The SqlActor is a generic sql actor which can be used to execute any sql-statements, including select, insert, update, merge, delete, create, alter, etc.
The sql statement can be specified by either sqlString or sqlFile property. However, at least and only one of them must be defined.

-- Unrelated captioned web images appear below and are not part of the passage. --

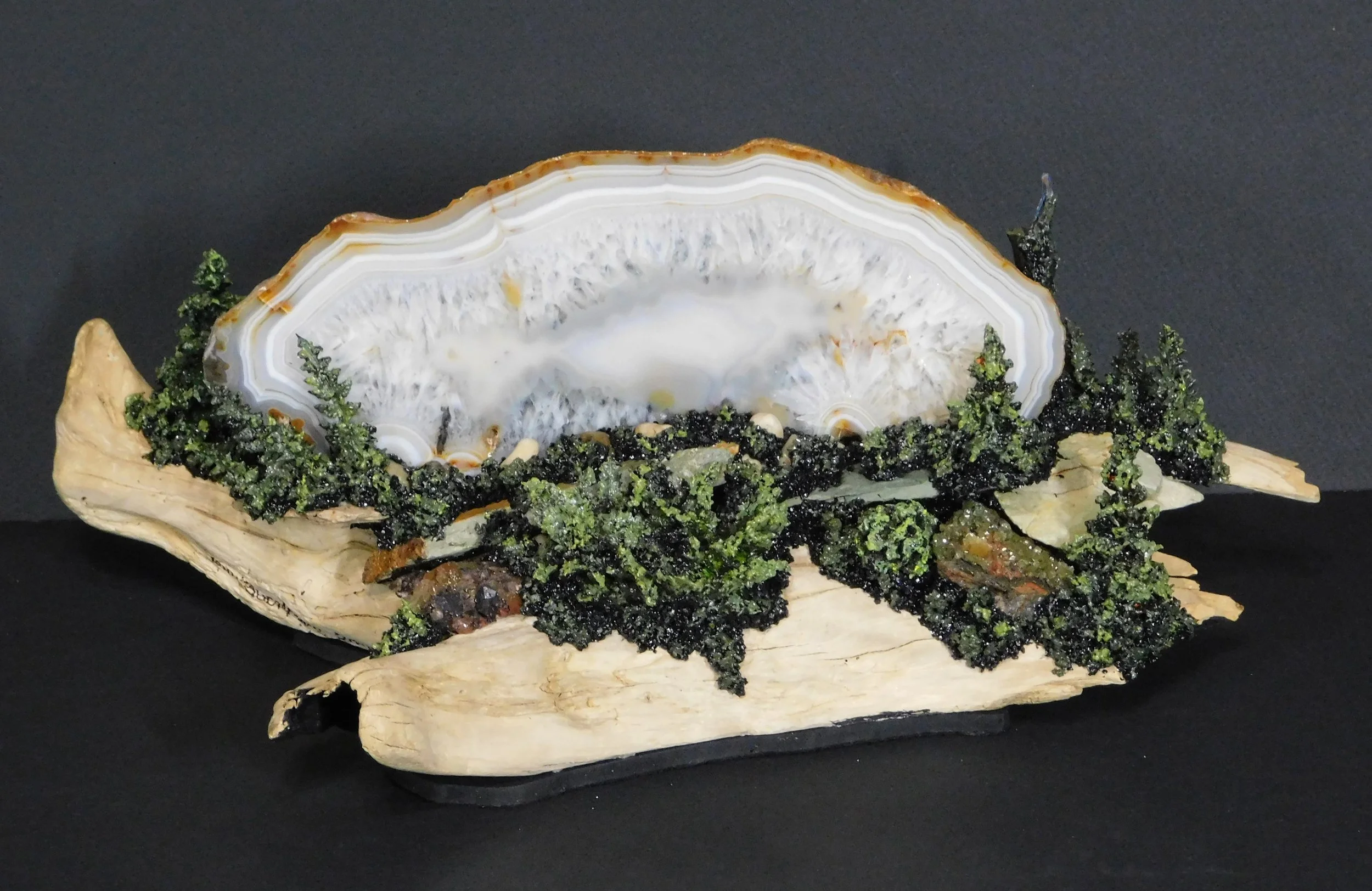 Bearly Awake Back 1.JPG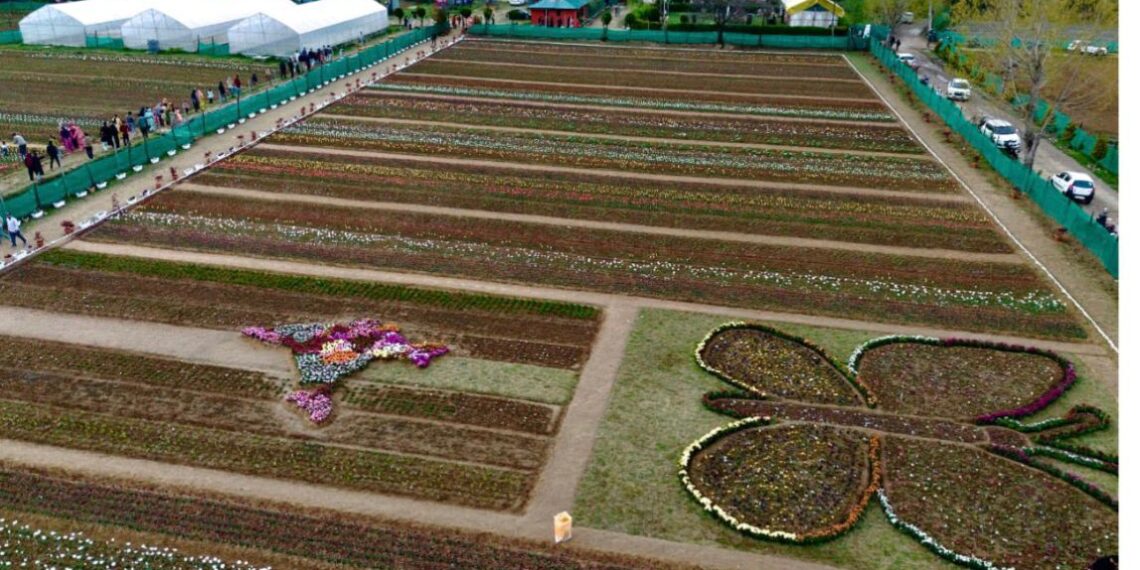 Director, CSIR-IIIM inaugurates CSIR Tulip Festival; emphasises indigenous tulip bulb production
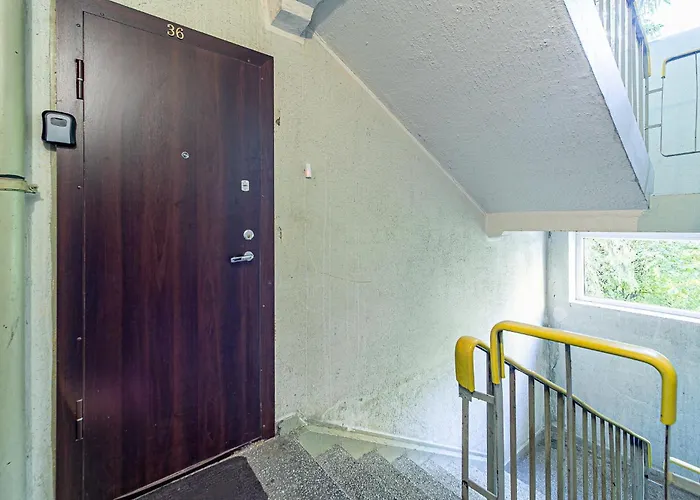 Daire Pailsek Rasytes Oazeje, Kaune Kaunas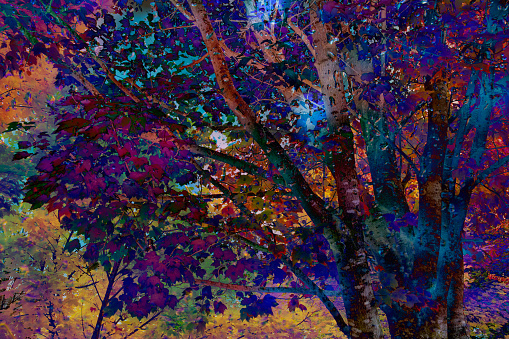 Abstract digital painting of trees in autumn stock photo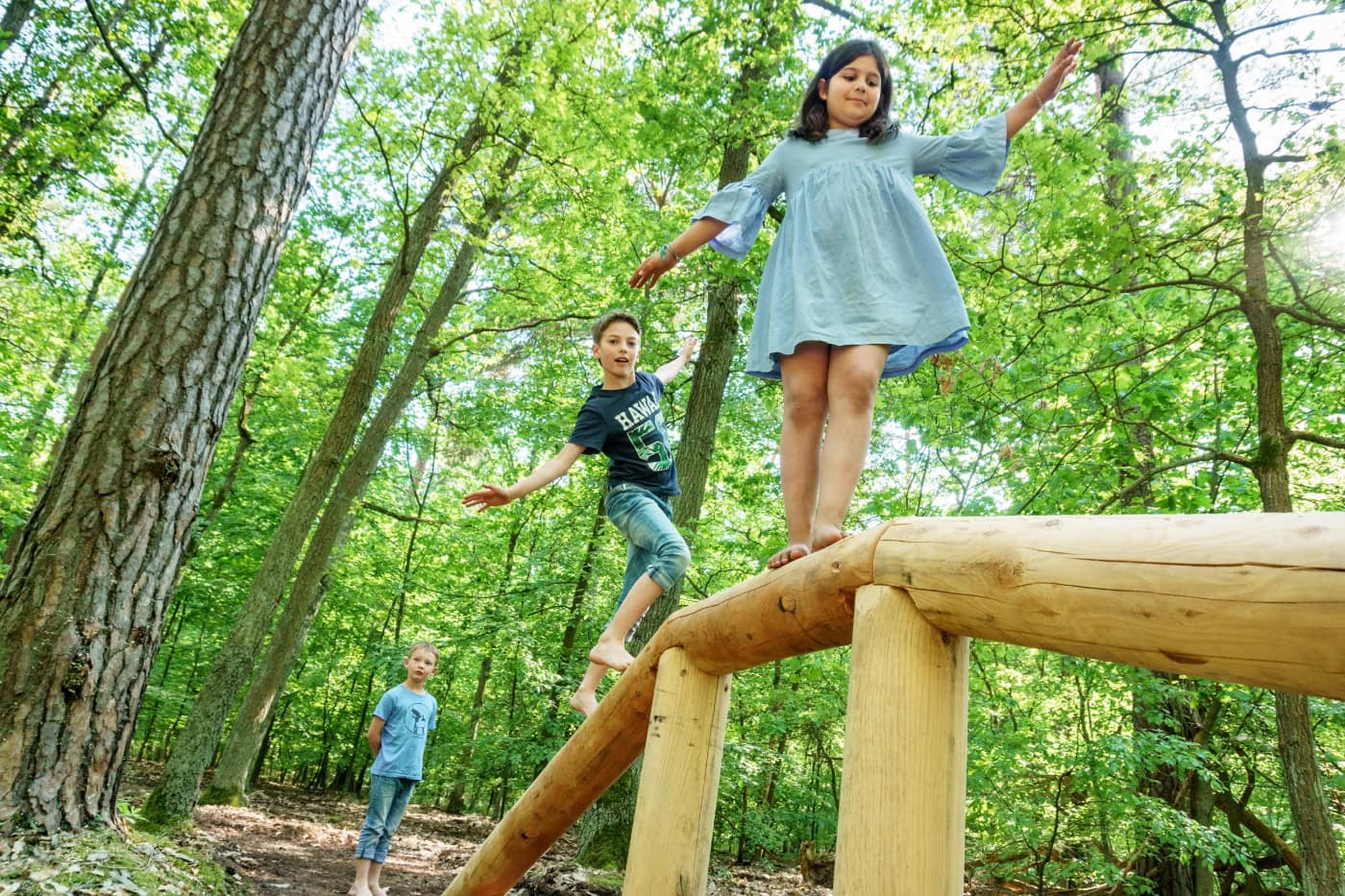 Gewinnspiel / Barfußpark Beelitz-Heilstätten: Die Top 10 Aktivitäten Für Kinder // Himbeer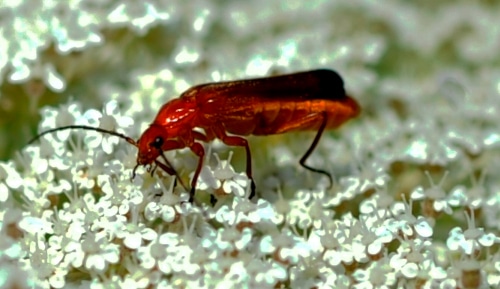 photograph of red soldier beetle on Queen Annes Lace, wings closed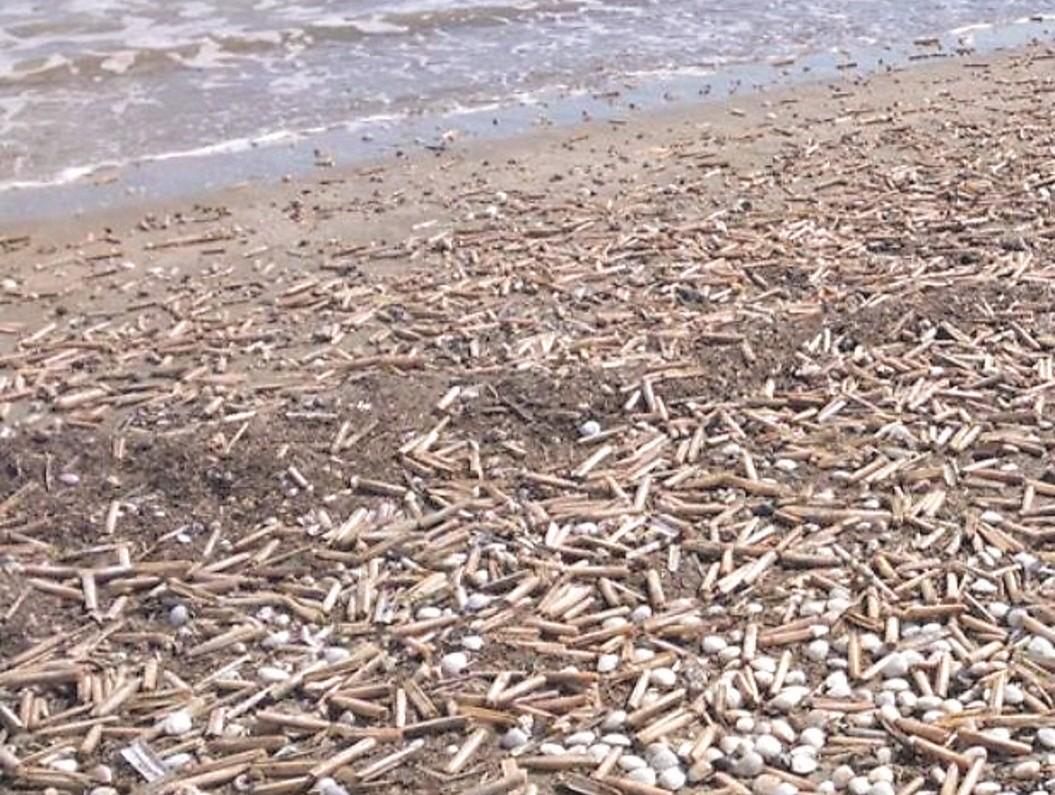 Comacchio, la moria di cannolicchi e l’impossibilità di pescarli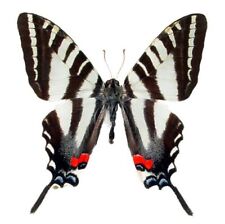 Eurytides marcellus ONE REAL BUTTERFLY RED ZEBRA SWALLOWTAIL USA picture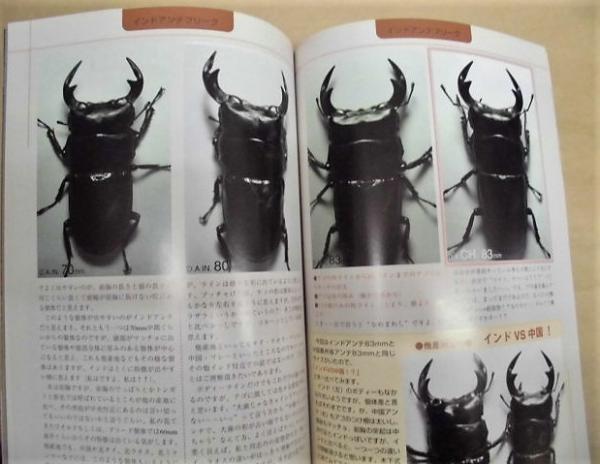 昆虫フィールド 01 1 2 No 16 Contents より グラントシロカブト 1995年晩夏のブータン紀行 Part 1 マレー探訪記 昆虫採集記 オオクワガタ In 三草山能勢町 熊本のオオクワガタ採集と飼育 後編 奈良県産オオクワガタ採集 サカダチコノハ 昆虫フィールド 01 1 2 No 16 Contents より グラントシロカブト 1995年晩夏のブータン紀行 Part 1 マレー探訪記 昆虫採集記 オオクワガタ In 三草山能勢町 熊本のオオクワガタ採集と飼育 後編 奈良県産オオクワガタ採集 サカダチコノハ
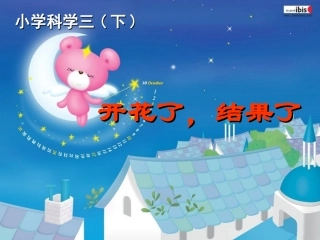 开花了，结果了
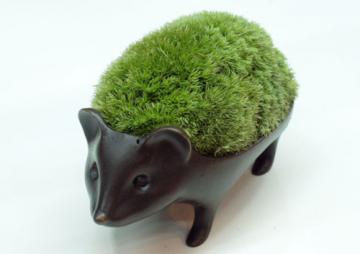 �������P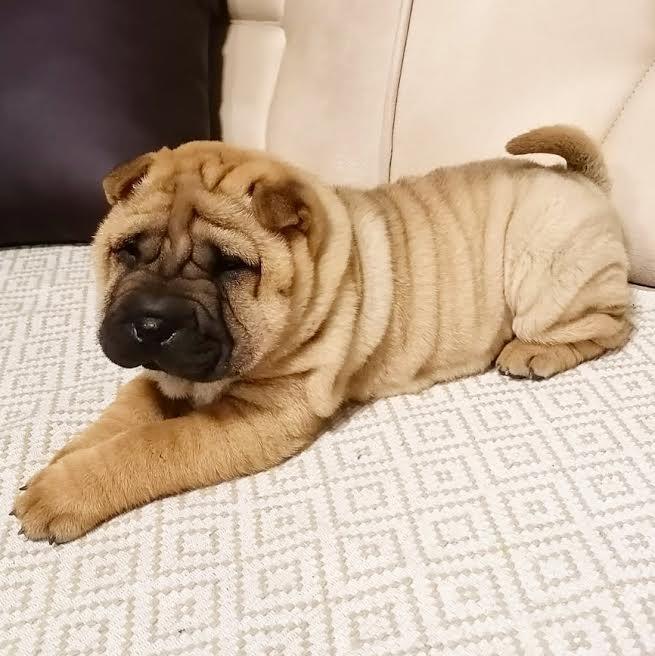 Shar-Pei-stenci-
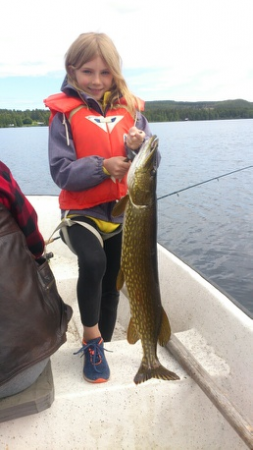 Gäddfiske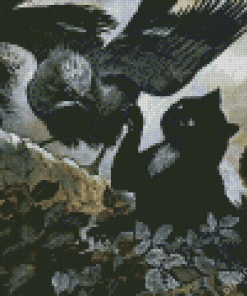 Black Cat And Crow Diamond Painting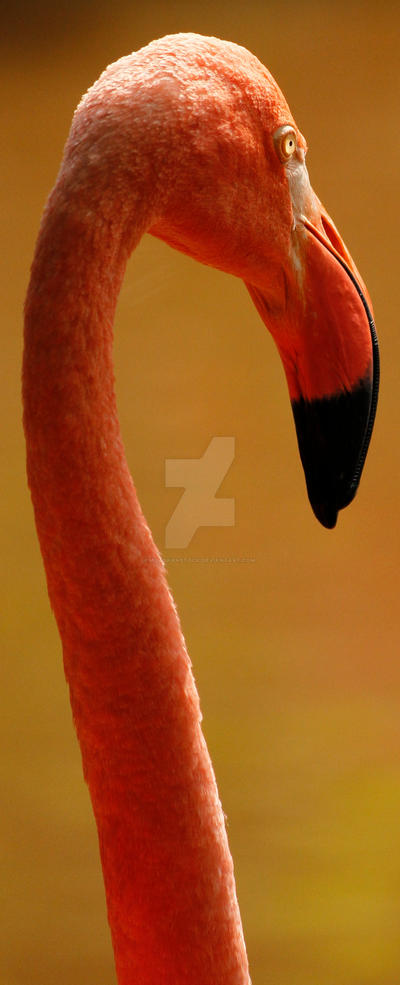 Flamingo 13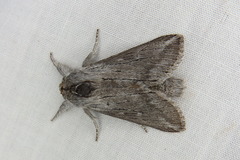 Antimima cryptica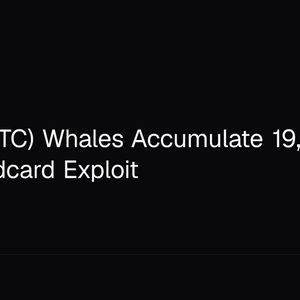 Bitcoin (BTC) Whales Accumulate 19,610 BTC After Coldcard Exploit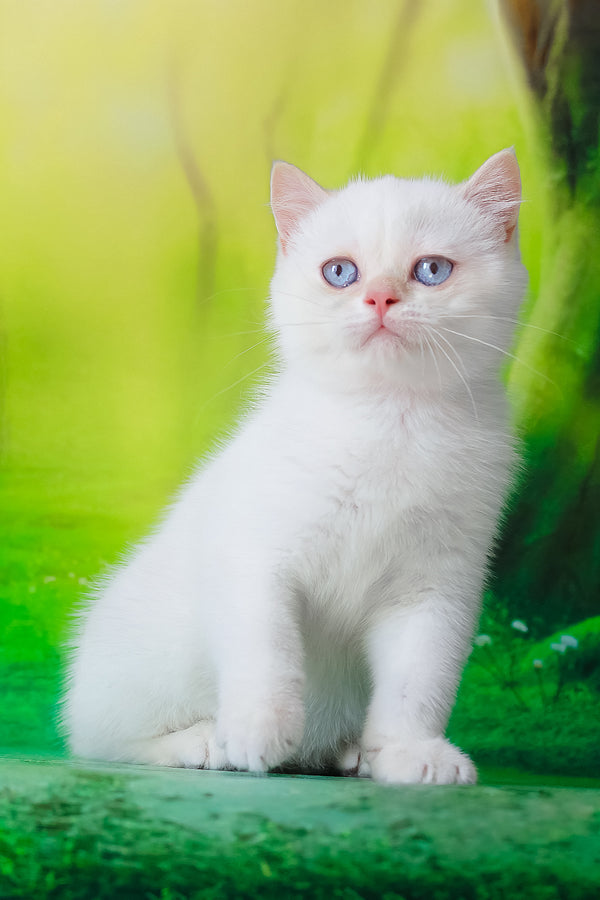 Grey | British Shorthair Kitten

Actor Class: com.qwshen.etl.common.SqlActor
The definition for the SqlActor:
- In YAML format
actor:
type: sql-actor
properties:
sqlString: >
select
substr(row_value, 1, 12) as event_id,
substr(row_value, 13, 16) as event_time,
substr(row_value, 29, 12) as event_host,
substr(row_value, 41, 64) as event_location
from events_raw
where row_no not in (1, 2)
or
actor:
type: sql-actor
properties:
sqlFile: scripts/event_raw.sql
- In JSON format
{
"actor": {
"type": "sql-actor",
"properties": {
"sqlString": "select * from events_raw"
}
}
}
or
{
"actor": {
"type": "sql-actor",
"properties": {
"sqlFile": "scripts/event_raw.sql"
}
}
}
- In XML format
<actor type="sql-actor">
<properties>
<sqlString>
select
substr(row_value, 1, 12) as event_id,
substr(row_value, 13, 16) as event_time,
substr(row_value, 29, 12) as event_host,
substr(row_value, 41, 64) as event_location
from events_raw
where row_no not in (1, 2)
</sqlString>
</properties>
</actor>
or
<actor type="sql-actor">
<properties>
<sqlFile>scripts/event_raw.sql</sqlFile>
</properties>
</actor>
The sql-statement specified by sqlString or from sqlFile can have multiple valid sql-sub-statements separated by semi-colon (;), including set statements. For example:
set run_date = concat('${runActor}', ' at ', '${runTime}');
set view_users = (select * from users);
setrun count_users = (select count(*) from users);
with t as (
select distinct
u.user_id,
u.gender,
cast(u.birthyear as int) as birthyear,
t.timestamp,
t.interested,
concat('${application.process_date}', '-', concat('${run_date}', '-', '${count_users}')) as process_date,
t.event as event_id
from train t
left join ${view_users} u on t.user = u.user_id
)
select * from t
In the above example:
- The
${runActor}
and${runTime}
are defined in either application.conf, job-submit arguments or pipeline; - The expression -
concat('${runActor}', ' at ', '${runTime}')
is calculated and assigned to${run_date}
, which is referenced later; - The expression -
(select * from users)
is not executed but as an alias simply assigned to${view_usres}
, which later used for a join. - The expression -
(select count(*) from users)
is calculated, and the value is assigned to${count_users}
.
The above example also shows the difference between set and setrun:
- setrun statements get evaluated immediately.
- set statements are lazily evaluated.
Please note:
- Any variables defined through set or setrun statements can be referenced by any down-stream actors.
- When a sql-actor handling multiple sql-statement in its sql-string or sql-file, only the result of the last sql-statement is outputted.